TASK TO COMPLETE » Apart from the pictures, reproduce the data below exactly as it stands.

GIVEN MATERIAL »
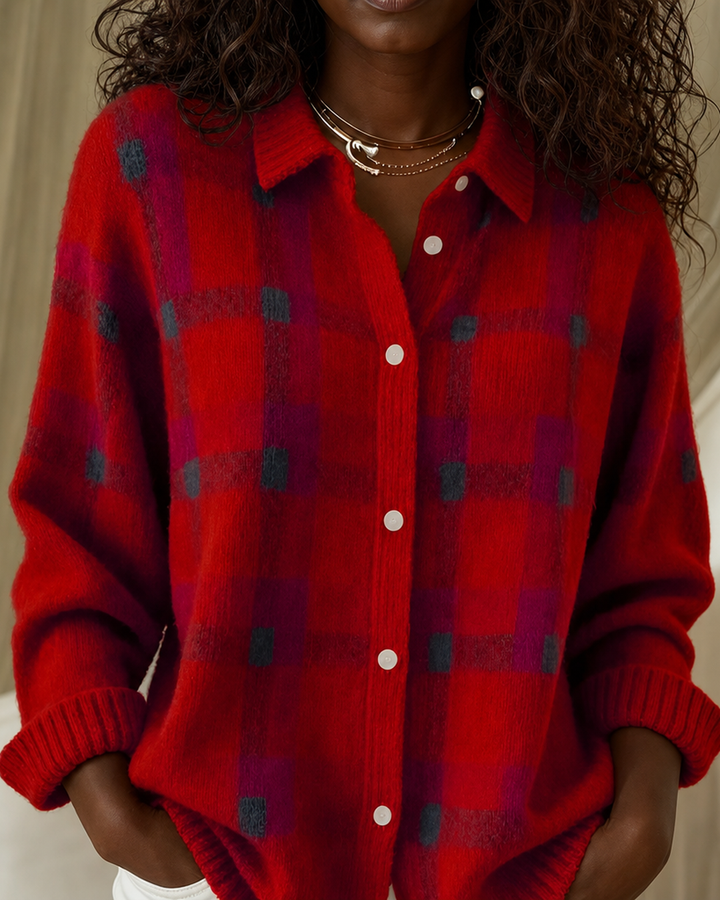 Camille | Plaid Cardigan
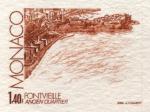 Monaco_1982_Yvert_1324a-Scott_1331_unadopted_Fontvieille_brown-orange_a_AP_detail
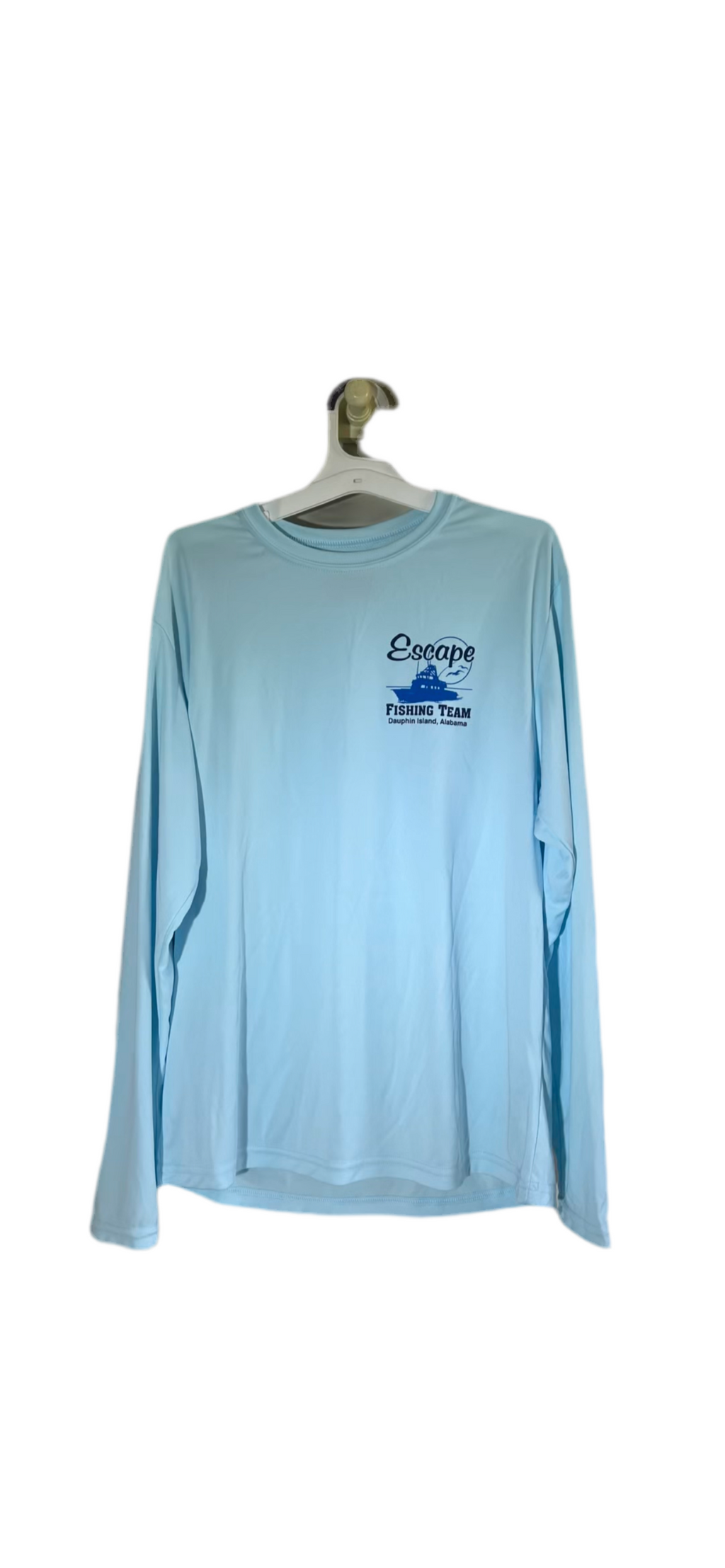 Dry Fit Long Sleeve- Faith Family Fish Design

RESPONSE TO THIS EXERCISE »
 Camille | Plaid Cardigan
 Monaco_1982_Yvert_1324a-Scott_1331_unadopted_Fontvieille_brown-orange_a_AP_detail
 Dry Fit Long Sleeve- Faith Family Fish Design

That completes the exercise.